-- Task to complete --
Could you restate the data word for word and drop the pictures?

-- Source data --

------------------------------------------------------------

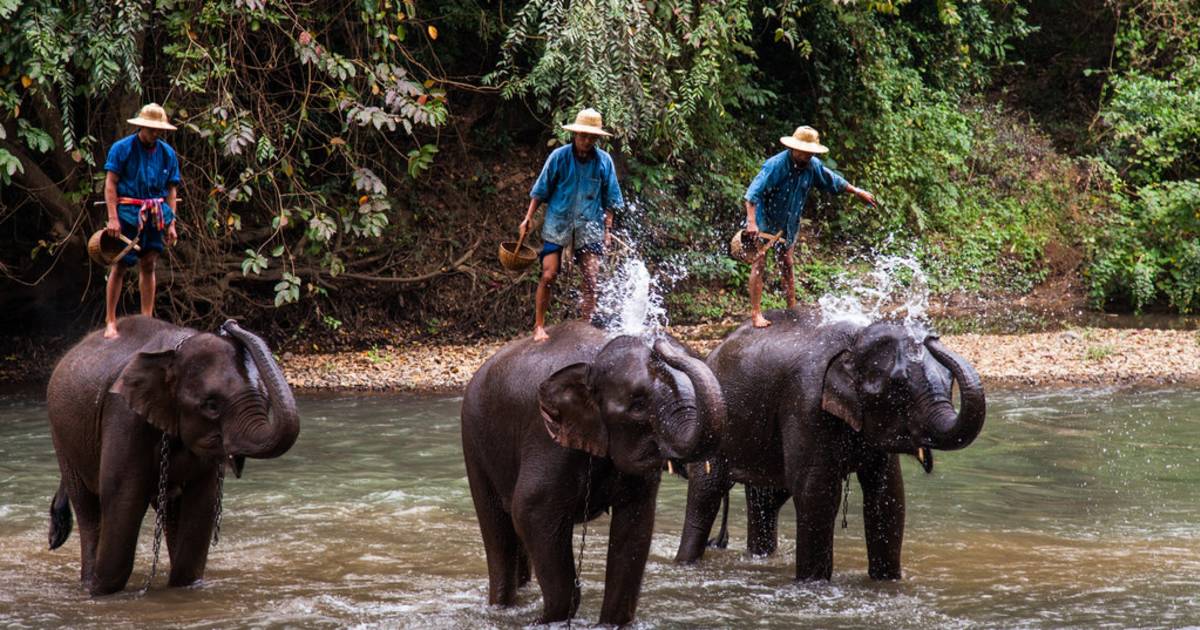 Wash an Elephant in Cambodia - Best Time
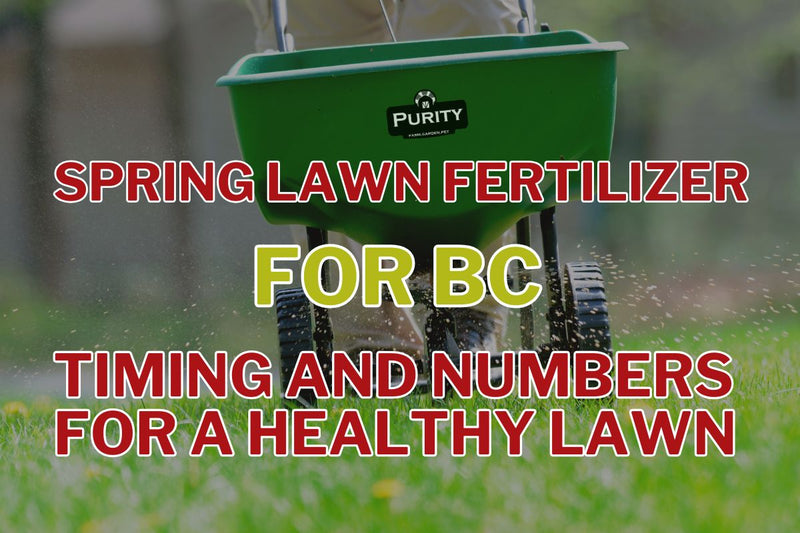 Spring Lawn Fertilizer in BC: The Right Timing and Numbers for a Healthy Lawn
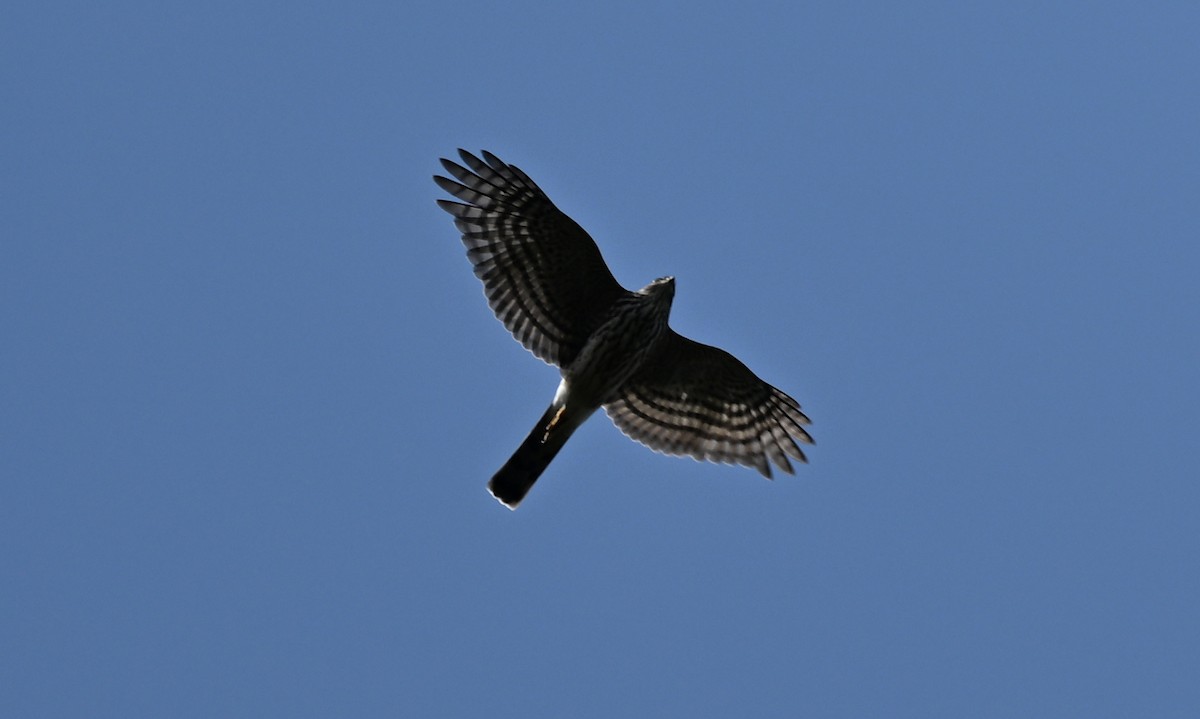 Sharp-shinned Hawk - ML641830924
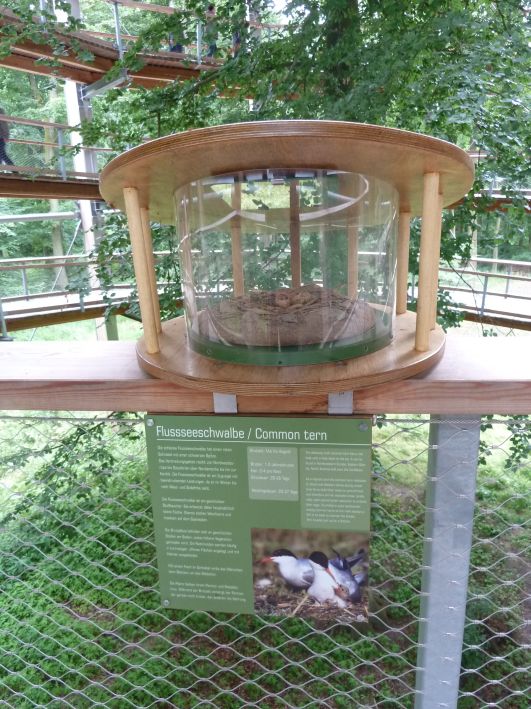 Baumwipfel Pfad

------------------------------------------------------------

-- Exercise output --
 Wash an Elephant in Cambodia - Best Time
 Spring Lawn Fertilizer in BC: The Right Timing and Numbers for a Healthy Lawn
 Sharp-shinned Hawk - ML641830924
 Baumwipfel Pfad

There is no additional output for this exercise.